Published source details

Bennett A.F., Henein K. & Merriam G. (1994) Corridor use and the elements of corridor quality: chipmunks and fencerows in a farmland mosaic. Biological Conservation, 68, 155–165


This study is summarised as evidence for the intervention(s) shown on the right. The icon shows which synopsis it is relevant to.

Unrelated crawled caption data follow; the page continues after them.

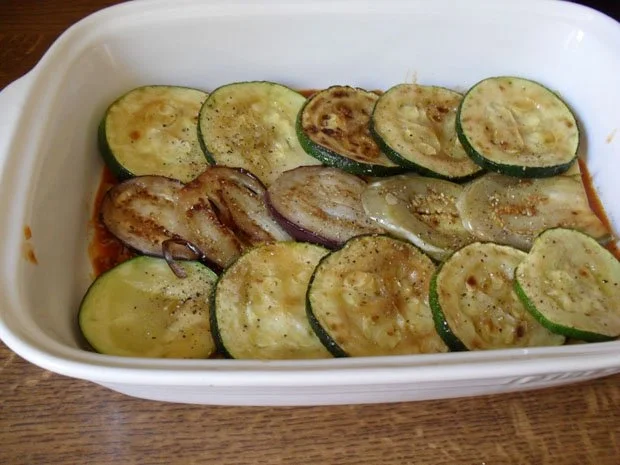 Lasagne mit Zucchini und Auberginen - Rezept - Bild Nr. 9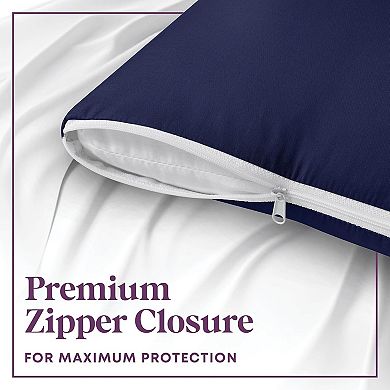 Circles Home 100% Cotton Breathable Throw Pillow Protector (2 Pack)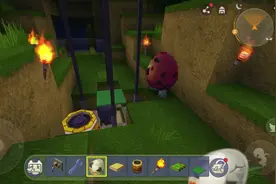 迷你世界：教你制作一个栅栏陷阱，几天就会变成一个动物园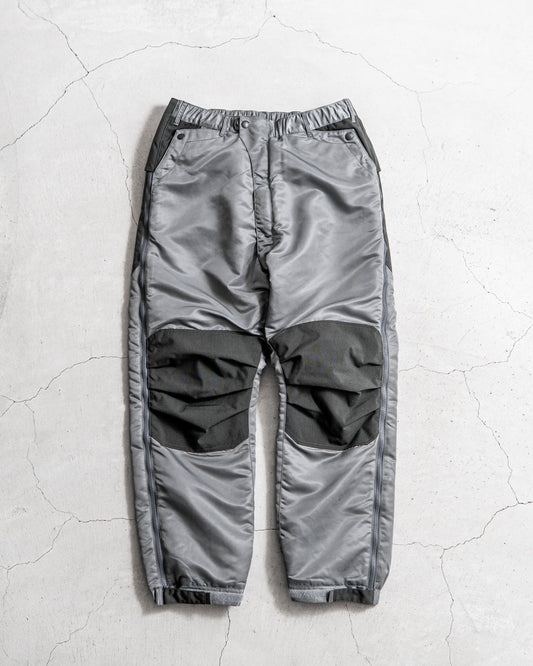 【Collaboration】norbit × Alpha industries Side-opening Padding Samue Pants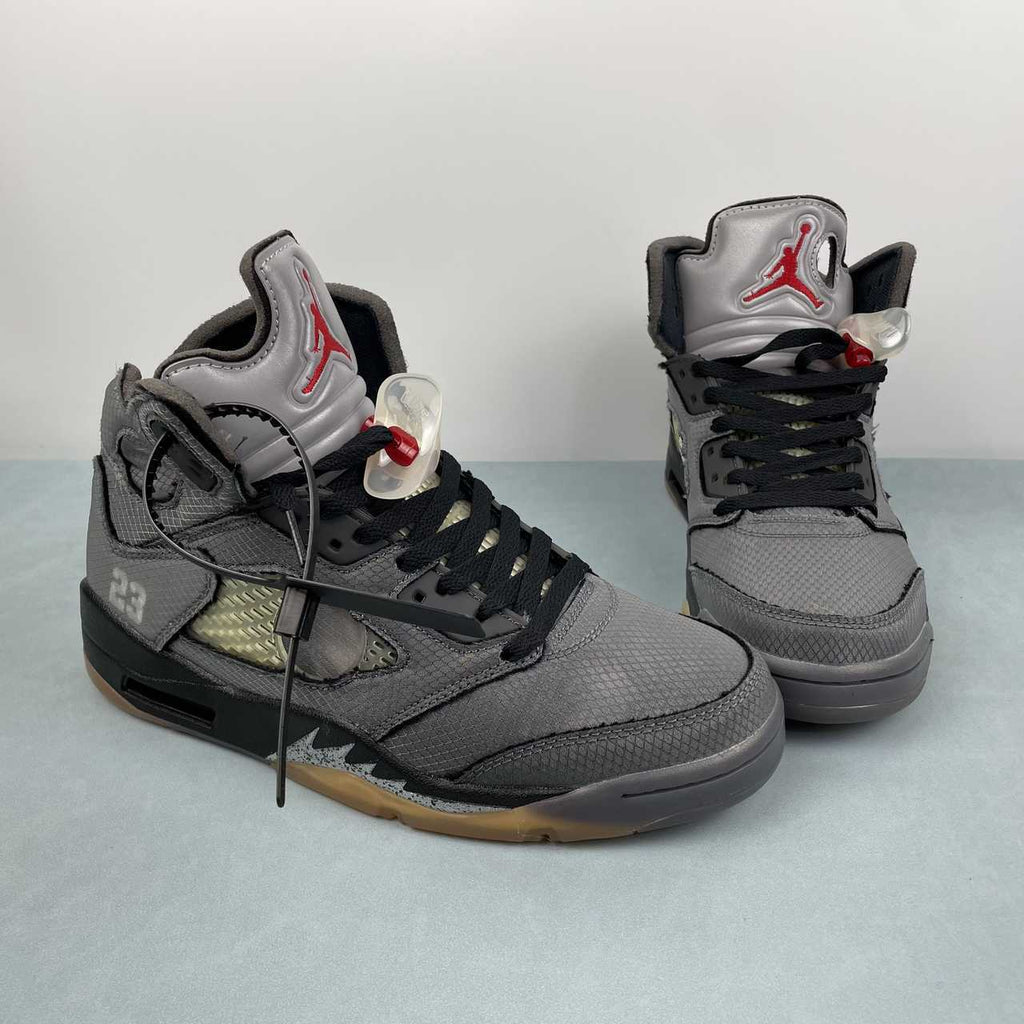 Nike x Off White Air Jordan 5 Retro Black - VIBES MILANO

Create or maintain corridors between habitat patches Terrestrial Mammal Conservation

A replicated, site comparison study in 1989 of woodland blocks and connecting woodland and grassland corridors at a site in Ontario, Canada (Bennett et al. 1994) found that wooded corridors were used by both resident and transient eastern chipmunks Tamias striatus. In total there were 530 captures of 119 chipmunks (68 males, 51 females). Chipmunks were resident (caught in >1 trapping session) in all four woods and were trapped in 14 of the 18 corridors. They were trapped in all 13 corridors that were characterised by mature trees. Just one was caught among the five grass-dominated corridors that largely lacked trees or shrubs. Chipmunks were live-trapped in four woods and 18 corridors across 220 ha of farmland (mostly pasture and crops). Corridors were field margins alongside fences with vegetation ranging from long grass, through shrubs to mature woodland trees. Four trapping sessions were conducted in May–September 1989. Each session comprised four consecutive days trapping in woods and, the following week, four consecutive days trapping in corridors.